I'm writing a C program that tests operations on single precision floating point numbers. In particular, I want to know if the absolute rounding error associated with x (a number within the normal range of binary32):
|round(x) - x| < machine-epsilon * 2^E
is also true for subnormal numbers. I've concluded that yes, but I couldn't find any secondary source to confirm that I'm right.
Is my conclusion correct?
For subnormal results, the maximum potential absolute error from rounding a real number to the nearest representable IEEE-754 binary floating-point number is the same as the maximum potential absolute error for results in the smallest normal binade.

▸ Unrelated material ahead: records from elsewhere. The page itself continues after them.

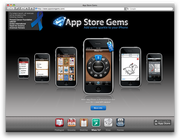 App Store se chlubí již více než 25000 aplikacemi!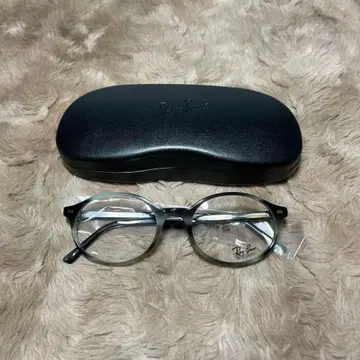 [레이밴] 도수 있는 안경 RX5429 GERMAN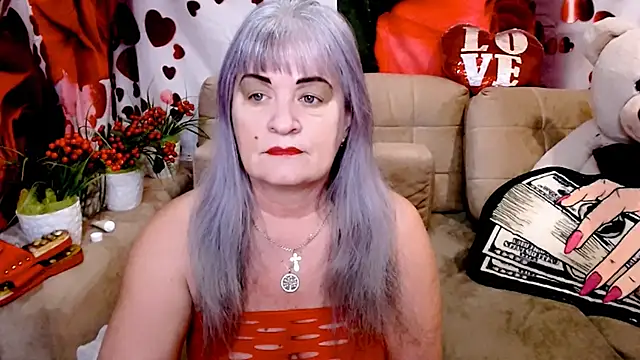 Snapshot of SiberiabBerry chatting on 03-13-26, 02:51 SiberiabBerry online show from 03-13-26, 02:51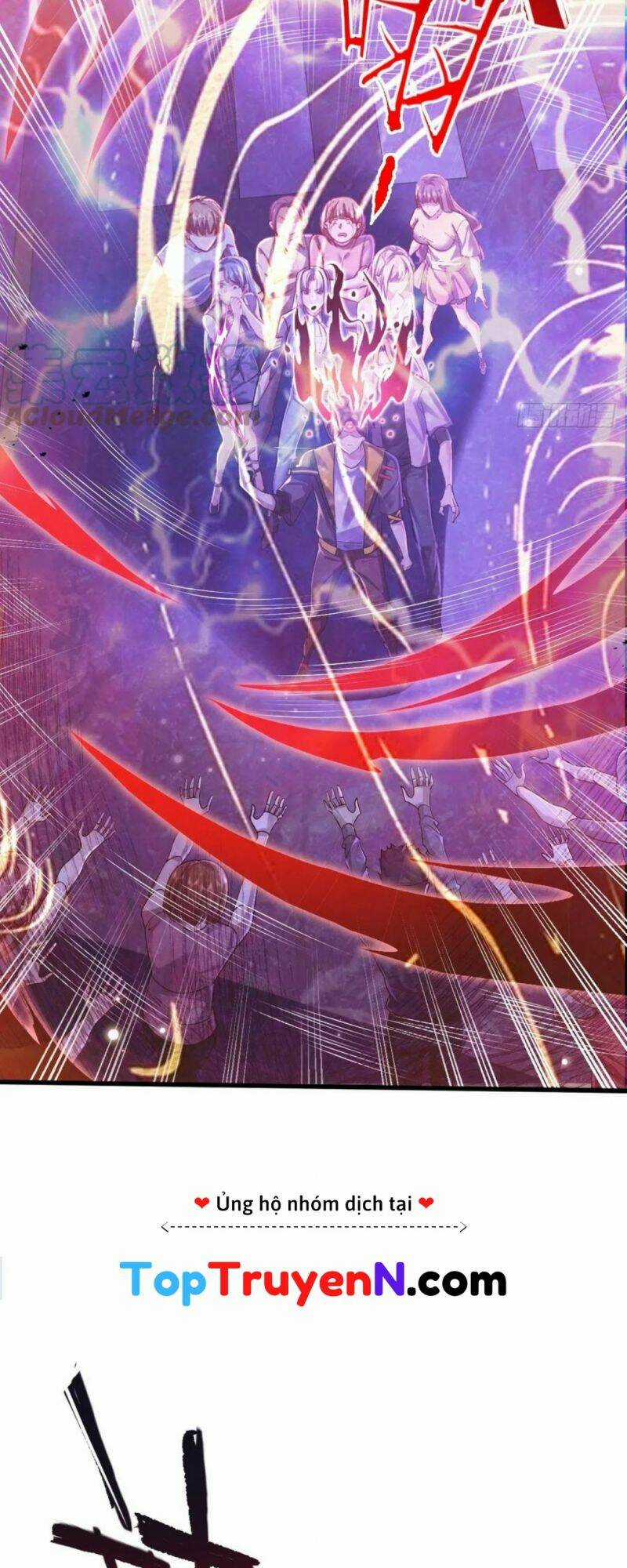 Ngự Linh Giả Chapter 86 trang 15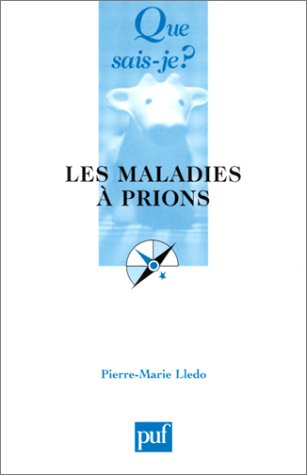 Les maladies à prions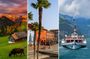 3 Train Trips from Zurich: Alps, Appenzell & Ticino – Local Guide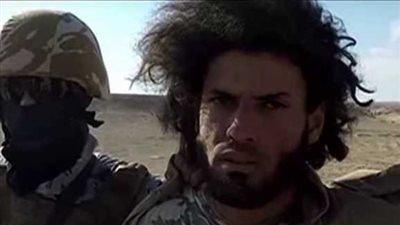 إرهابي الواحات: بايعنا الشيخ حاتم في ليبيا للجهاد في مصر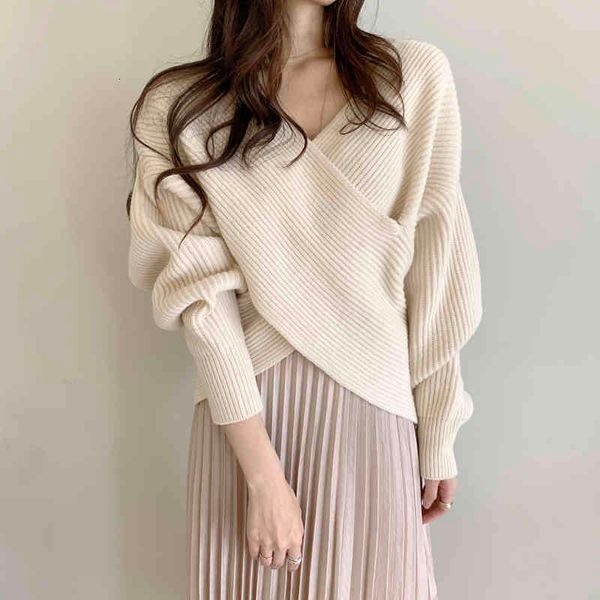 tees low-cut cut cut-edge women's streetwear loose mesh-knit winter solid female sweater knitted or crocheted mjtx, White
tees low-cut cut cut-edge women's streetwear loose mesh-knit winter solid female sweater knitted or crocheted mjtx, White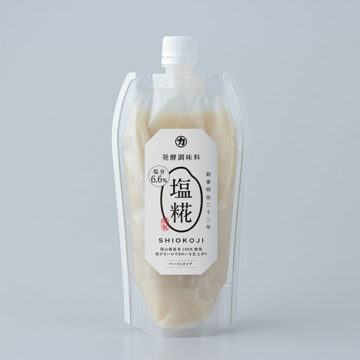 塩糀 300g ペーストタイプ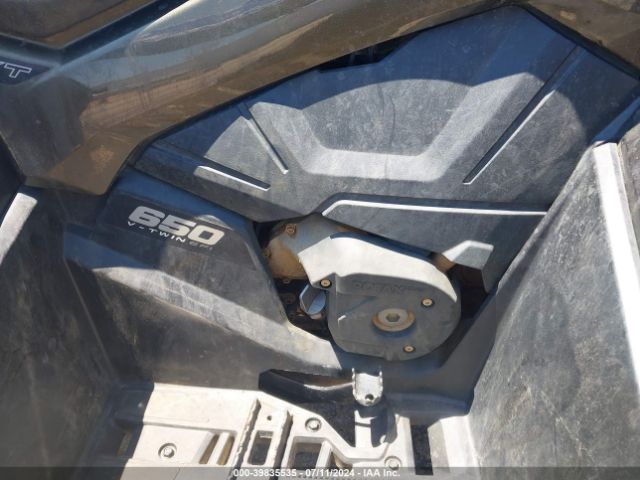 2021 CAN-AM OUTLANDER 3JBLKAJ43MJ002654 Photo 7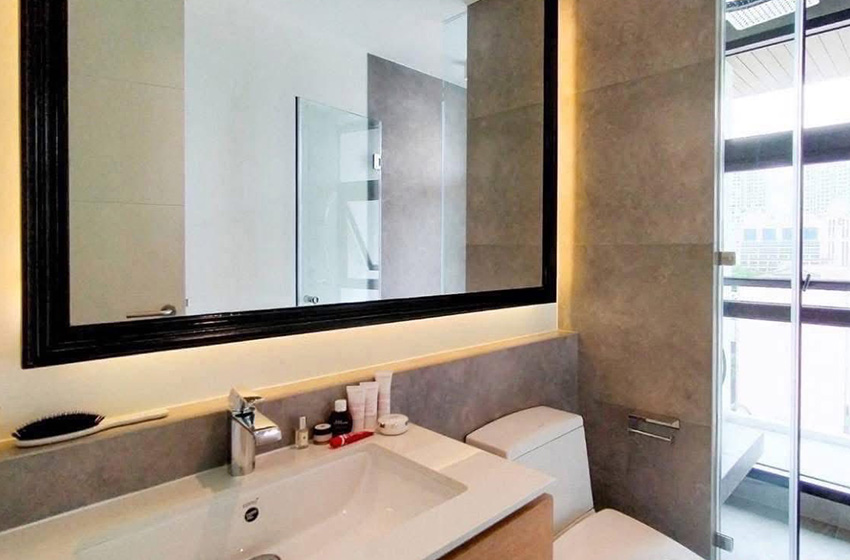 Service Apartment in Phaholyothin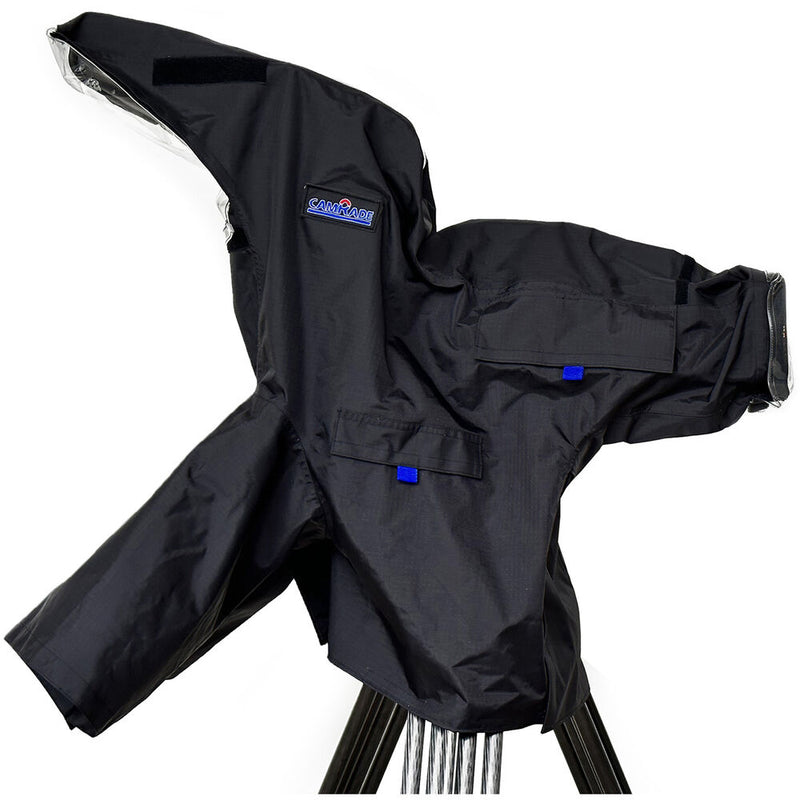 camRade rainCover OB/EFP (Small)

That is, both the smallest normal binade and the subnormal numbers have the same exponent in the floating-point representation, so the least significant bit of their significands have the same position value. (The “same exponent” referred to here is the mathematical exponent, −126 for the basic 32-bit format and −1022 for the basic 64-bit format. It is not the encoding of the exponent, which is 1 for the smallest normal binade and 0 for subnormals.) The position value of the least significant bit determines the maximum possible error. Since it is the same for subnormal values as it is for values in the smallest binade, they have the same potential error.
If E is the greater of the minimum exponent of the format or floor(log2(|x|)), x is a real number, round(x) is the result of converting x to the floating-point format, and 𝜀 is the machine epsilon (unit of least precision for 1) then:
|round(x)−x| < 𝜀 2E
for any rounding mode, and:
|round(x)−x| ≤ ½ 𝜀 2E
for any round-to-nearest mode (such as round-to-nearest-ties-to-even).
For the directed rounding modes, such as round-toward-negative-infinity, the error satisfies either:
0 ≤ round(x)−x < 𝜀 2E
or:
−𝜀 2E < round(x)−x ≤ 0,
depending on the direction, of course. (Round-toward-zero satisfies neither of the above two relations for all real numbers but of course satisfies at least one of them depending on the sign of x.)